Seit 1989 wurden so viele neue Grenzen gezogen und Mauern errichtet wie wahrscheinlich in dem Jahrhundert zuvor nicht. Was hat das alles mit Freiheit und Demokratie zu tun? Israel sei die einzig wahre Demokratie im Nahen Osten, ist immer wieder zu lesen. Muss sich deshalb das Land einmauern, um seine zarte, wehrlose, wenn auch schon 60 Jahre alte Demokratie zu schützen? Vor wem? Vor den Palästinensern, vor den Arabern, vor Islamisten, vor dem Iran oder einfach nur vor dem Wüstensand? Sollten Demokratie und Freiheit nicht nach außen wirken, ausstrahlen, so dass andere auch danach streben? Ich verstehe es ehrlich gesagt nicht recht ...

Um es zu verstehen, bin ich vor dem Schreiben dieser Worte an mein Bücherregal gegangen und habe wieder einmal eines meiner Lieblingsbücher hervorgeholt: "Keine Posaunen vor Jericho" von Israel Finkelstein und Neil A. Silberman. Die beiden beschreiben darin die archäologische Wahrheit über die Bibel. Das Buch hat mich fasziniert, weil es zeigt, dass der Traum von einem großen Israel nicht auf historischen Fakten basiert und es ein historisches Groß-Israel nie gab, nur das Nordreich Israel und Juda im bergigen Süden. Dem Buch zu Folge entstand der ideologische Traum von Groß-Israel, als das Nordreich Israel von den Assyrern erobert wurde und Juda in den südlichen Bergen überlebte. Es übernahm "schon bald die Rolle eines von Gott begünstigten jüngeren Bruders ..., um das verlorene Geburtsrecht an sich zu nehmen und Land und Bewohner Israels zu erlösen." (S. 246) "Erst als Juda allein der nichtisraelischen Welt gegenübersteht, braucht es einen Text, durch den es sich definiert und der es motivieren kann. Dieser Text ist der historische Kern der Bibel ... Von Jakobs Söhnen sollte Juda über alle anderen Stämme Israels herrschen (Genesis 49,8)." (S. 249)

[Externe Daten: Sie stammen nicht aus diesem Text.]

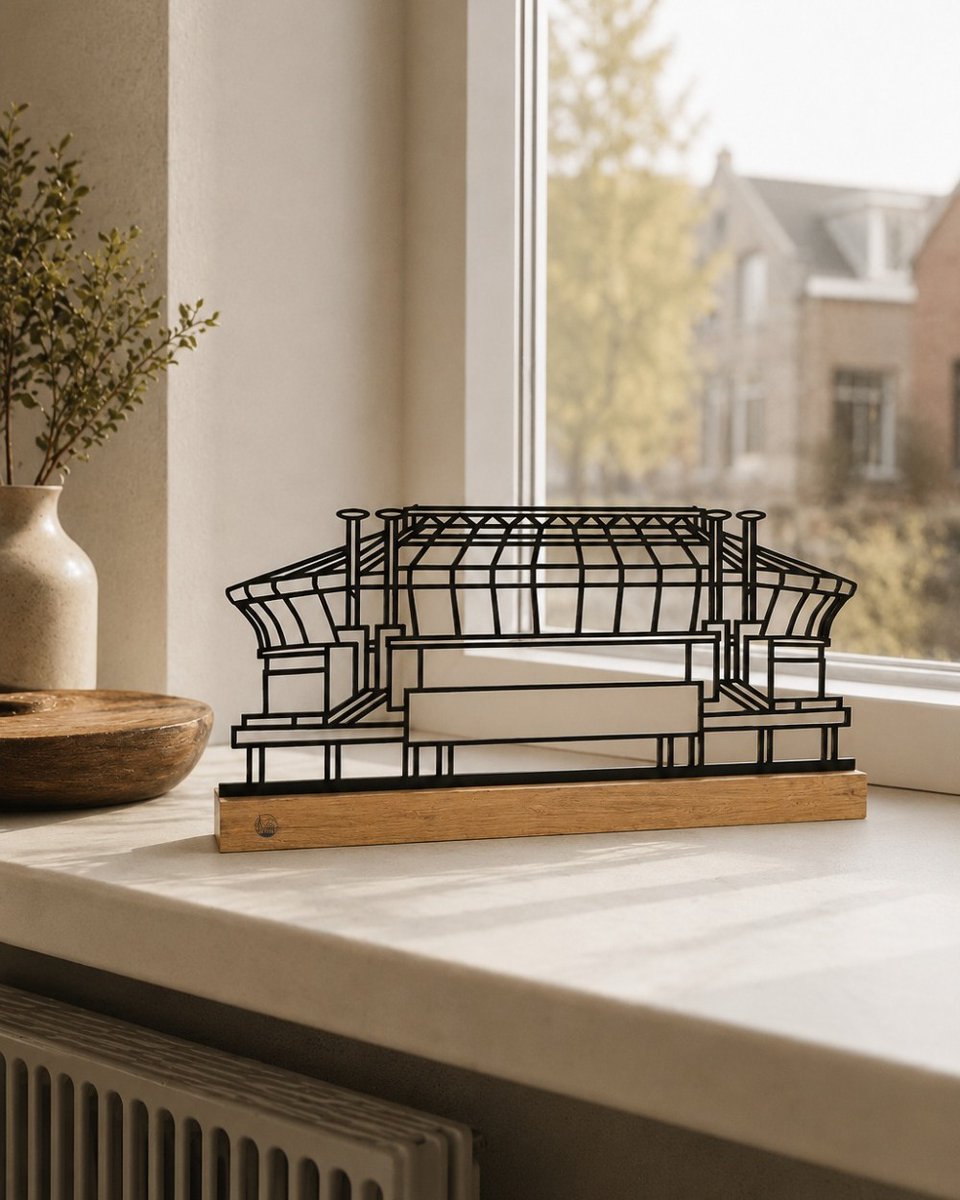 ClarencePlatzer's tweet photo. For anyone who sees the Johan Cruijff ArenA as more than just a stadium. Legendary matches, unforgettable concerts and memories that last forever. Bring an iconic piece of Amsterdam into your home with this stylish silhouette, crafted from 3 mm https://t.co/ayU36XJdJv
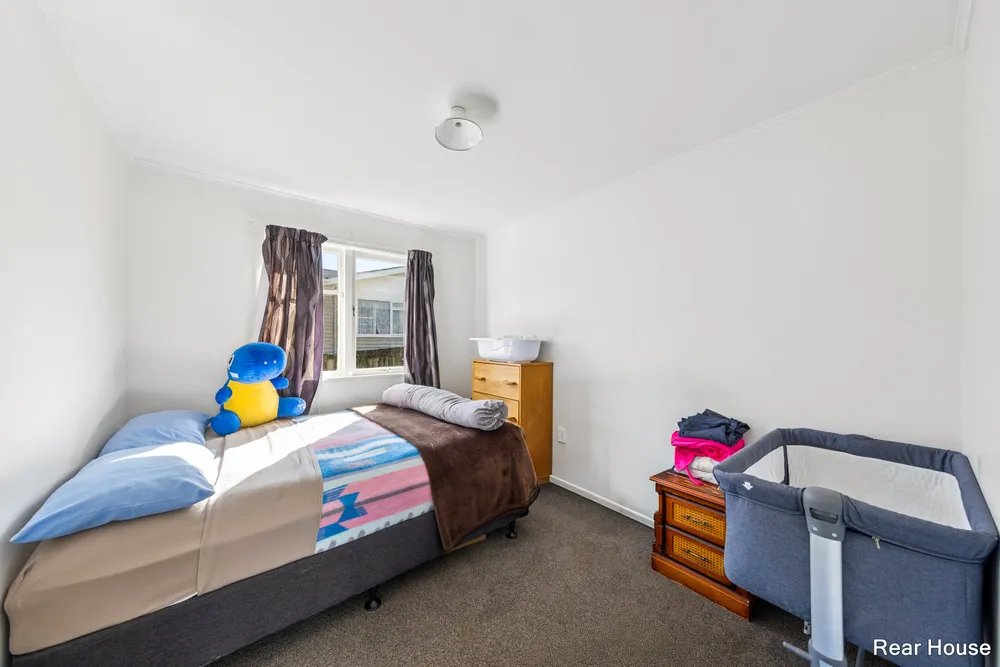 Photos of 14 Fields Road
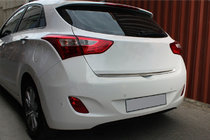 Hyundai I-30 2012–2017 Takaluukun reunalista (HB, ruostumaton teräs) kuva 1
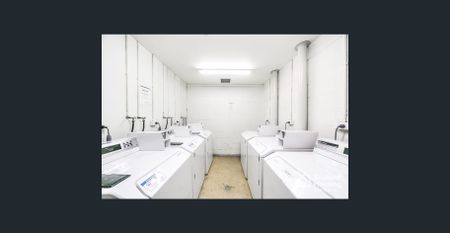 'Global House' - Large Studio with Balcony - Very Rare Find - Photo 2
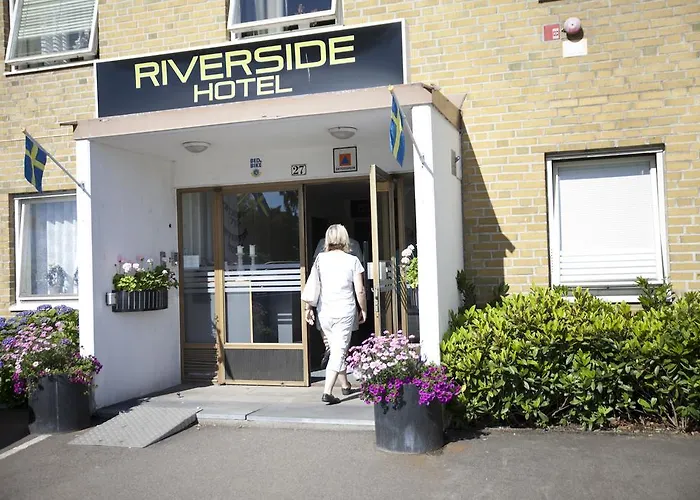 Riverside Hotel I Aengelholm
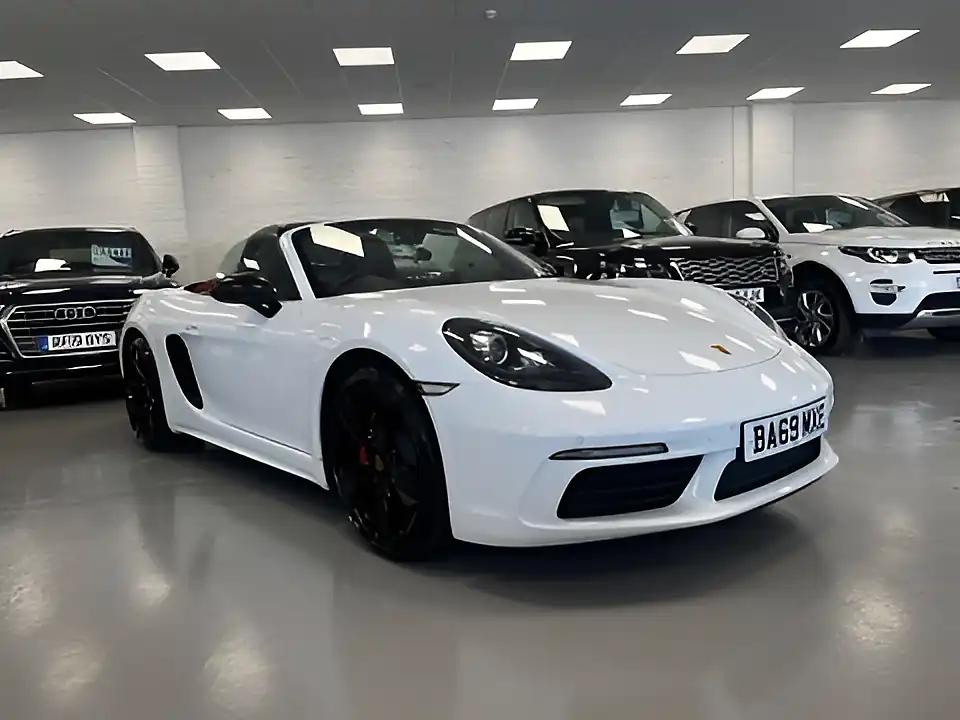 Used 2019 Porsche 718 Boxster White - Interior and Exterior details 3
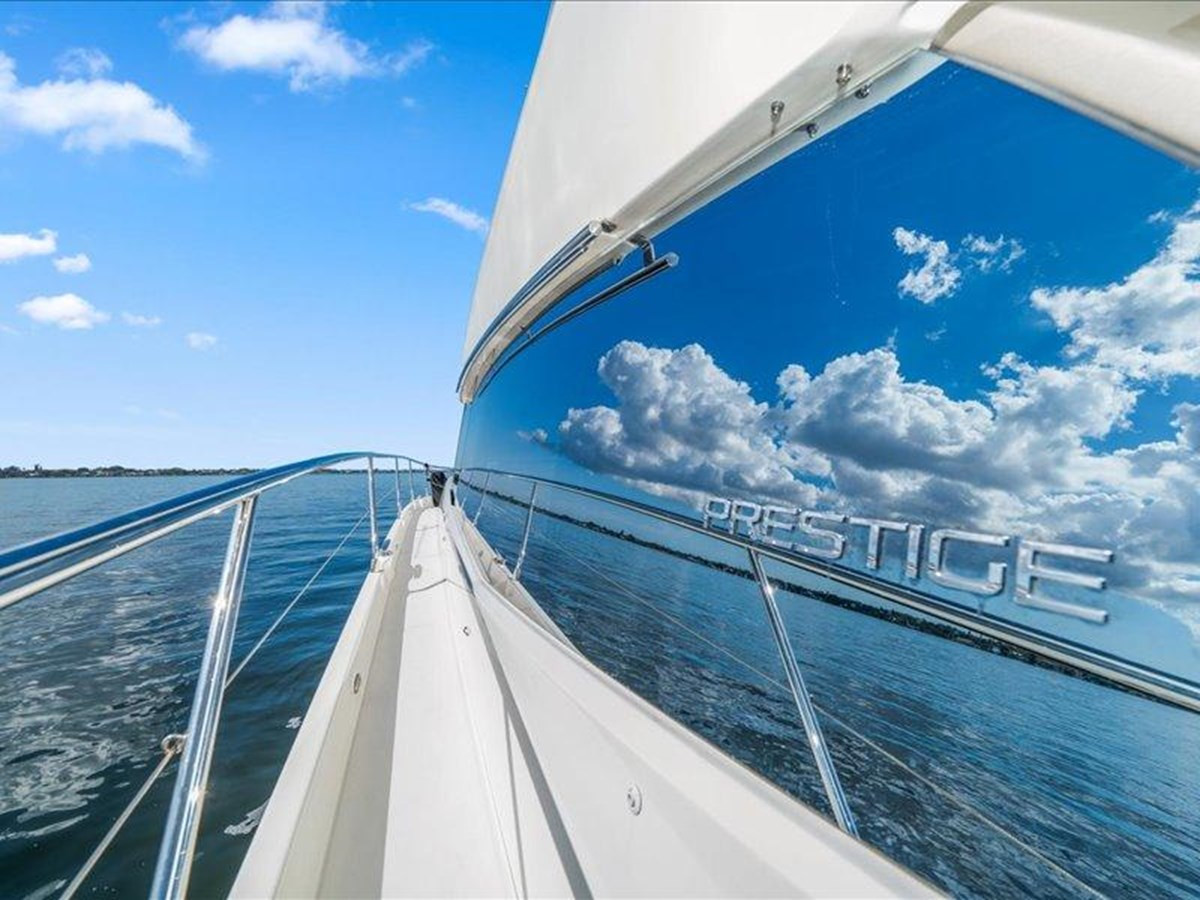 https://arconyachts.ams3.digitaloceanspaces.com/125425/conversions/large_4008015-optimize.jpg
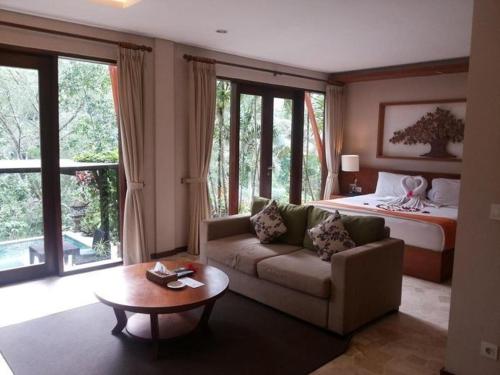 One Bedroom With Private Pool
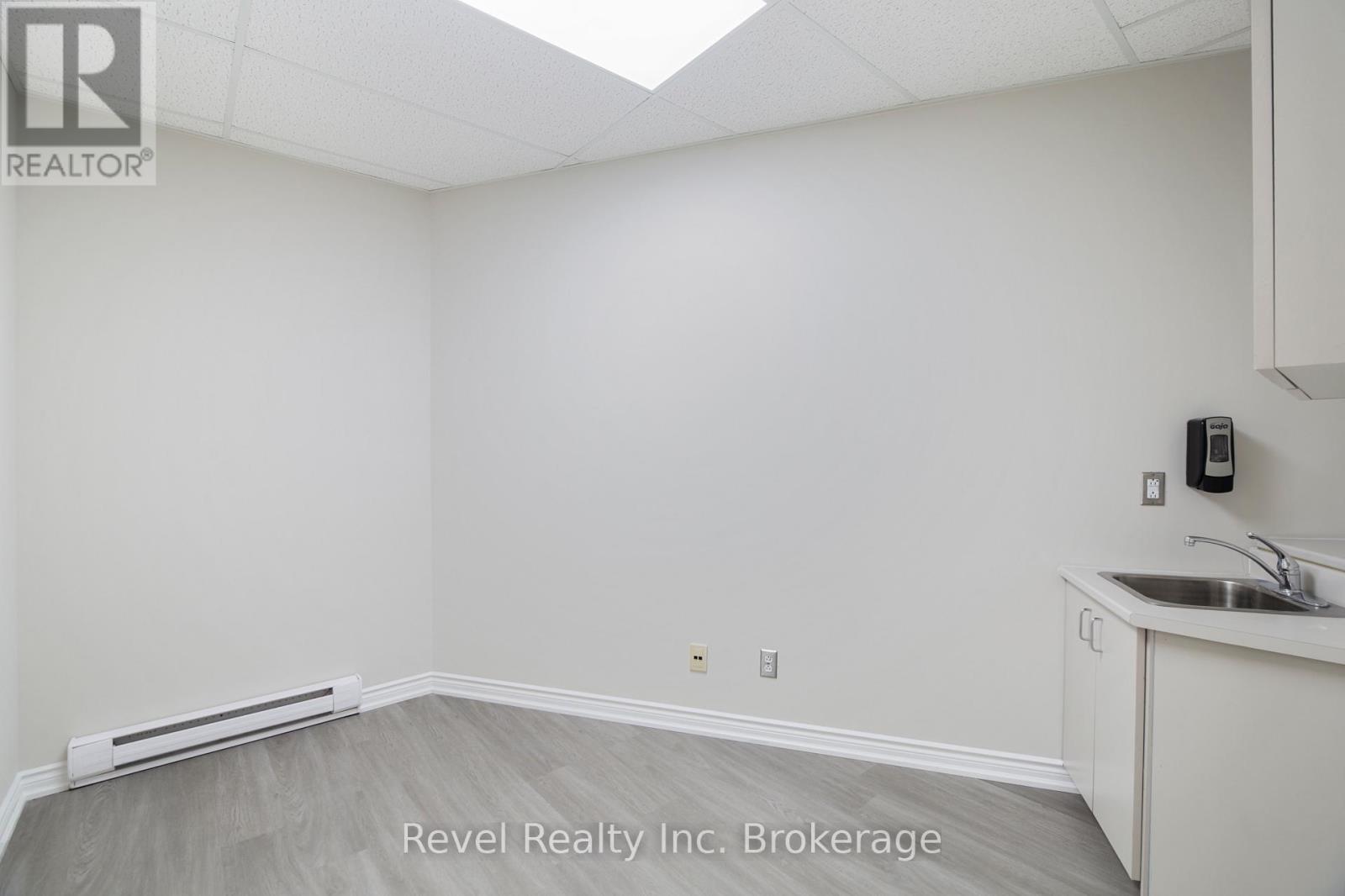 402 - 111 Main Street W, North Bay, Ontario P1B 2T6 - Photo 14 - X13150530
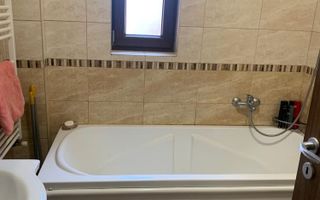 Apartament 3 camere complet mobilat, parcare inclusă, gata de mutare. - Poză 8
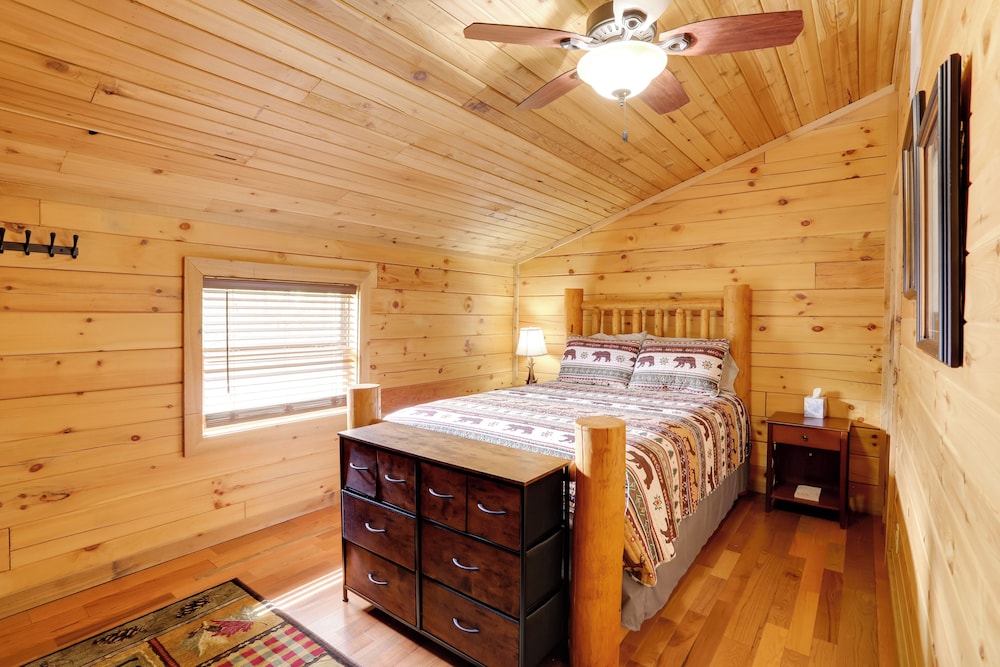 Near Current River: Family-friendly Cabin w/ Deck!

In dem Buch lese ich auch weiter von Esra und Nehemia, die im 5. Jahrhundert vor Christus "klare Grenzen zwischend dem jüdischen Volk und seinen Nachbarn" ziehen. "Die große, während Josias Herrschaft zusammengewobene biblische Saga ... war eine glänzende, mit Leidenschaft geschriebene Komposition. Ihr Ziel war es zu erklären, warum Ereignisse in der Vergangenheit auf zukünftige Triumphe schließen ließen, ... die Gebietsansprüche der davidischen Dynastie zu untermauern." (S. 322 f.)

Womit ich wieder zum heutigen Mauerbau zurückkommen will. Ich bin und bleibe fasziniert, welche Folgen eine ideologische Schrift aus dem 6. Jahrhundert v. Chr., die damals ganz reale Ziele und die Mission Judas, der "Distel auf dem Libanon", sowie  seine Vorstellung der eigenen zentralen Stellung und die "seiner Überlegenheit über seine Nachbarn" (S. 333) religiös begründete, heute noch hat. Finkelstein und Silberman bezeichnen die hebräische Bibel als den "ersten, vollständig ausformulierten Nations- und Gesellschaftsvertrag der Welt" (S. 337). Sie bewundern im letzten Satz ihres Buches "das wahre Genie und die anhaltende Kraft dieser einmaligen, einflußreichsten literarischen und geistigen Schöpfung der Menschheitsgeschichte". Wenn sich diese Kraft im Mauerbau und Krieg, in Apartheid und Abgrenzung äußert, wenn dieses Genie Zerstörung statt Aufbau, Wohlstand, Demokratie, Freiheit, Menschenrechte und Sicherheit für alle Menschen auf diesem historischen Boden bringt, dann kann ich die Begeisterung der beiden Wissenschaftler nicht teilen. Daran erinnerten mich die aktuellen Meldungen über den fortgesetzten Mauerbau.